> [Extracted records]:
-- -- --
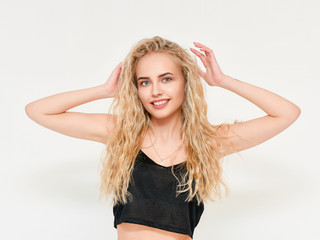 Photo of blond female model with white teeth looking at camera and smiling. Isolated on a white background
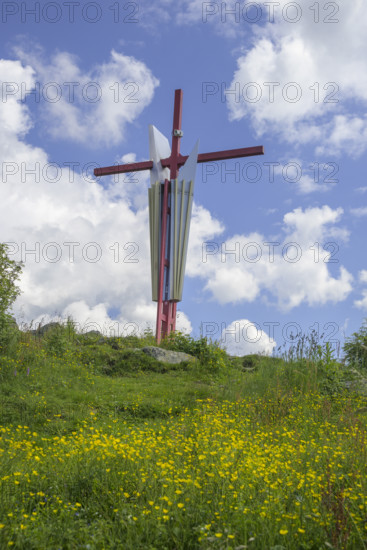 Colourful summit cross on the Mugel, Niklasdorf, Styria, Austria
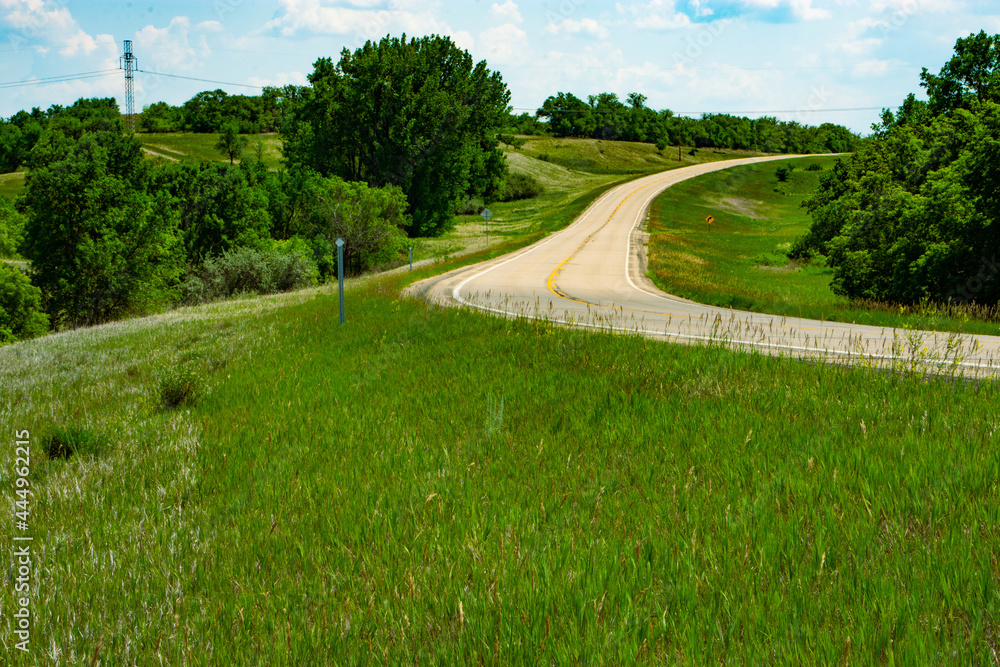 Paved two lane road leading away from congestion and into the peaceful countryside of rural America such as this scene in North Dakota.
-- -- --
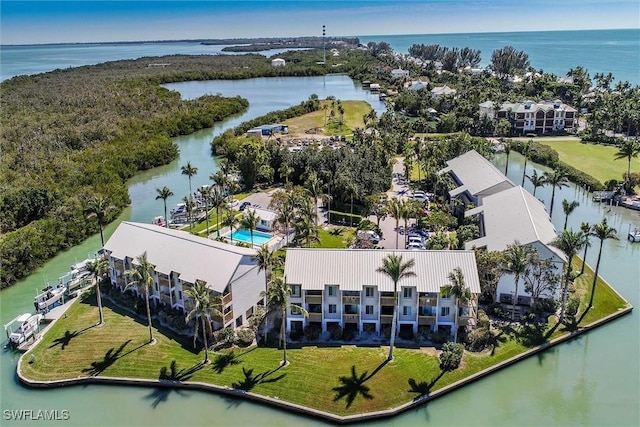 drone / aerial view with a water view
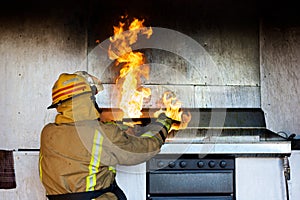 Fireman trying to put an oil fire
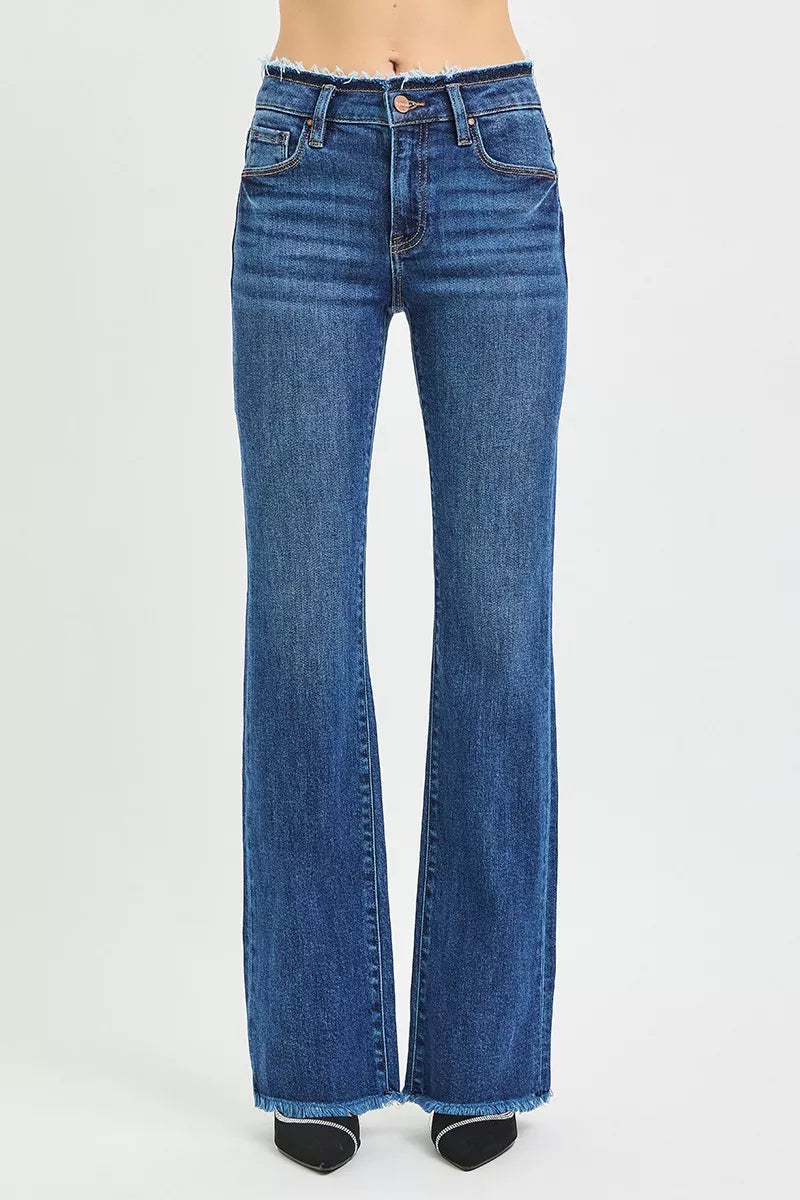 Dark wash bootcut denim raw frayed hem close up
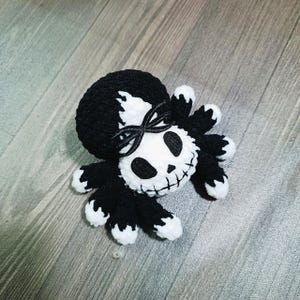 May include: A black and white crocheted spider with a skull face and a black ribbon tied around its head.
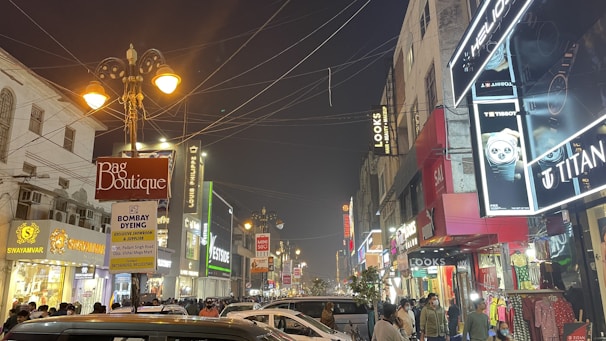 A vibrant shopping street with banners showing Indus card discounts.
-- -- --
> [Work task]:
From the material above, give again exactly the lines from the one that contains "Photo of blond" through the one that contains "Paved two lane", and leave out the pictures.

> [Answer space]:
 Photo of blond female model with white teeth looking at camera and smiling. Isolated on a white background
 Colourful summit cross on the Mugel, Niklasdorf, Styria, Austria
 Paved two lane road leading away from congestion and into the peaceful countryside of rural America such as this scene in North Dakota.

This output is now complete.